C) Com relação ao delito do artigo 140 do Código Penal: “Considerando as circunstâncias judiciais, fixo a pena-base em 01 (UM) MÊS DE DETENÇÃO. Em razão da incidência da causa de aumento prevista no artigo 141, inciso II, do Código Penal, aumento a pena em 1/3, fixando-a em 01 (UM) MÊS E 10 (DEZ) DIAS DE DETENÇÃO, tornando-a definitiva por não haver outras circunstâncias atenuantes ou agravantes e nem causas de diminuição ou aumento de pena a serem analisadas. Em razão da incidência da causa de aumento prevista no artigo 141, §2º, do Código Penal, aumento a pena em triplo, fixando-a em 04 (QUATRO) MESES DE DETENÇÃO, tornando-a definitiva por não haver outras circunstâncias atenuantes ou agravantes e nem causas de diminuição ou aumento de pena a serem analisadas.”
Prossegue o magistrado: “Tendo em vista que os crimes foram praticados em concurso material, incide a aplicação do artigo 69 do Código Penal, razão pela qual aplico cumulativamente as penas ao sentenciado, fixando-a no total de 03 (TRÊS) ANOS E 04 (QUATRO) MESES DE DETENÇÃO E EM 78 (SETENTA E OITO) DIAS-MULTA, sobre um quinquagésimo do salário mínimo vigente à época do fato, devidamente corrigido quando do pagamento, tornando-a definitiva, por não haver outras circunstâncias atenuantes ou agravantes e nem mais causas de diminuição ou aumento de pena a serem analisadas.”
O juiz Guilherme Risso estabeleceu o regime aberto para o início do cumprimento da pena, nos termos do art. 33, §2º, “c” do Código Penal, tendo em vista o quantum de pena fixado.

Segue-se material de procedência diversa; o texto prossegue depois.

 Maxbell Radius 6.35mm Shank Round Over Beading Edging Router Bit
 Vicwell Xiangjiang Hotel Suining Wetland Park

Porém, “tendo em vista que a pena fixada não excedeu o patamar de 04 (quatro) anos e o réu preenche os demais requisitos legais, aplico os ditames do artigo 44, do Código Penal, por ser medida socialmente recomendável, razão pela qual substituo a pena privativa de liberdade, seguindo a regra do artigo 45, §1º, condenando o réu ao pagamento de 30 (trinta) salários mínimos à vítima.”
O magistrado ainda condenou o réu Gilvan da Federal ao pagamento das custas e multas processuais, nos termos do artigo 804 do Código de Processo Penal. Depreende-se através do artigo 387, inciso IV do CPP, bem como do entendimento dominante do Superior Tribunal de Justiça, que é cabível a fixação de valor mínimo para a reparação de danos sofridos pela vítima (Jacqueline Moraes”, observa o magistrado na sentença:
“In casu, verifica-se que a conduta praticada pelo Querelado (Gilvan da Federal) causou diversos danos à reputação e dignidade da vítima. Ora, uma vez que o dano moral ex delicto ocorre in re ipsa, ou seja, surge da própria conduta típica, necessário se torna a fixação de quantum mínimo em favor da vítima Jacqueline Moraes da Silva, porquanto restou comprovada a prática delitiva por parte do Querelado, bem como os danos causados à imagem da vítima. Desta feita, fixo a quantia de R$ 10 mil, sendo a título de valor mínimo para reparação dos danos causados pelos crimes em comento, nos termos do artigo 387, IV, do CPP e condeno o Querelado ao pagamento da respectiva importância.”